Born in Toronto, Paul Nguyen is a award-winning filmmaker and community activist who is passionate about helping others. His website, Jane-Finch.com, has received national attention for empowering local voices to change the narrative of the Jane and Finch area. His videos promoting diversity and multiculturalism have earned millions of views online. He joined the Vietnamese Association, Toronto (VAT), as Vice President of External Affairs, and sits on the boards of the National Ethnic Press and Media Council of Canada, York University Alumni Board, and York University Senate.
Last year, you were the only Vietnamese-Canadian who was recognized by Canada’s Volunteer Awards. What does this mean to you?
It filled me with pride to be able to represent the Vietnamese-Canadian community as a recipient. It’s important to show that we continue to play a strong role in contributing to Canada’s multicultural society. A bonus was receiving a $5,000 cheque to give to a non-profit of my choice. I was able to give the grant to the Vietnamese Boat People Memorial Association. They are constructing a monument to commemorate the story of Vietnamese refugees who arrived in Canada in the late 1970s.
What do you think the future holds for Vietnamese youth in Canada?
I think Vietnamese youth are capable of achieving anything they can imagine. Many of them are already breaking down barriers, entering politics, music and entertainment, and inventing new products. I believe we should continue to encourage more diverse career paths and goals for them.
As a second-generation person, have you ever been confused by your identity?
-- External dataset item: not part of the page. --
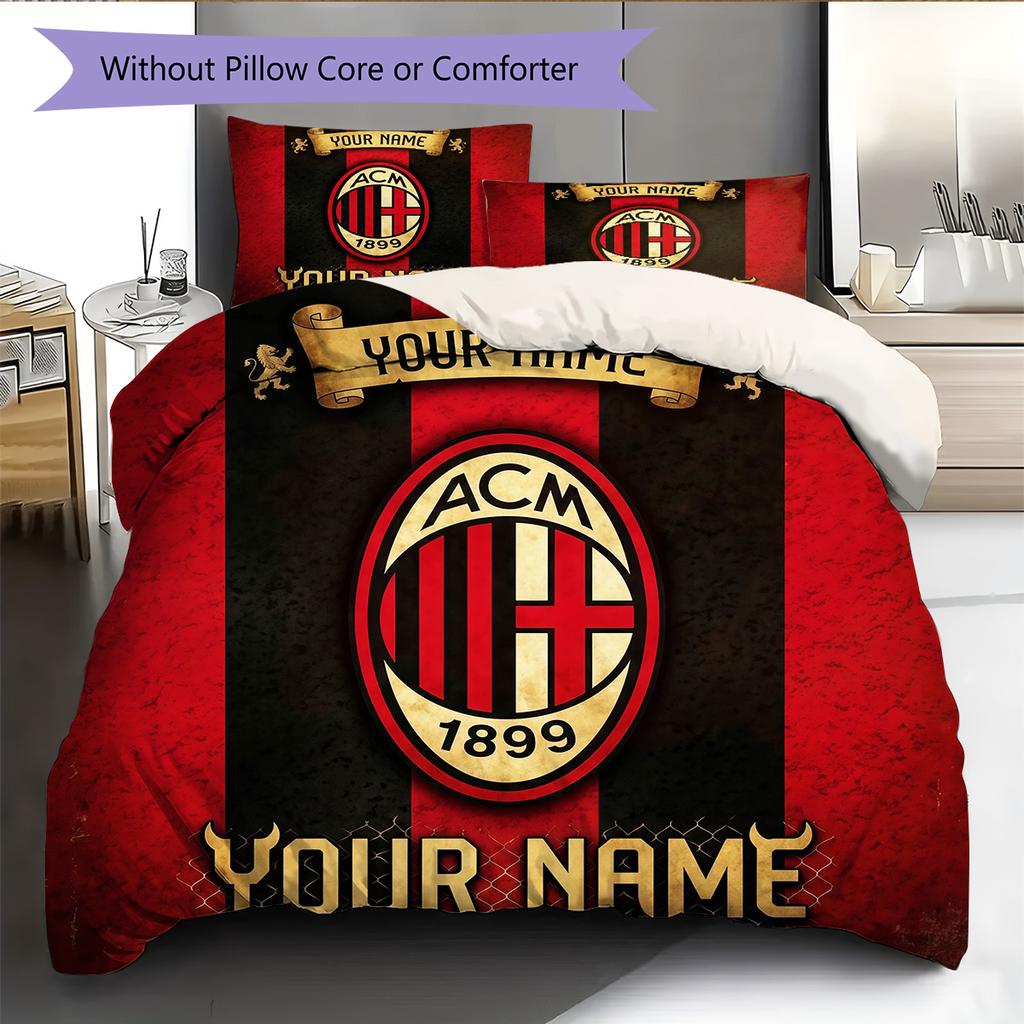 Custom Name AC Milan2 Pattern Bedding Quilt Set Home Decoration Gift (1 * duvet cover + 2 * pillowcase without core)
Many times I felt like an outsider, whether at school, work or at social gatherings. There have been debates about being a “hyphenated Canadian.” I was born in Canada, but have experienced racism and discriminatory attitudes. Because of my strong Vietnamese heritage and background, I choose to identify as a proud Vietnamese-Canadian.
Are there any cultural differences between you and your parents?
There are many cultural differences when you are raised in a traditional home. I’ve had conflicting views with my parents but by embracing values of respect, open communication, and flexible learning, we reached a place of peace and understanding. Those are the values I got from both my Vietnamese background and in growing up in Canada. I think it’s an awesome combination to be a Vietnamese-Canadian.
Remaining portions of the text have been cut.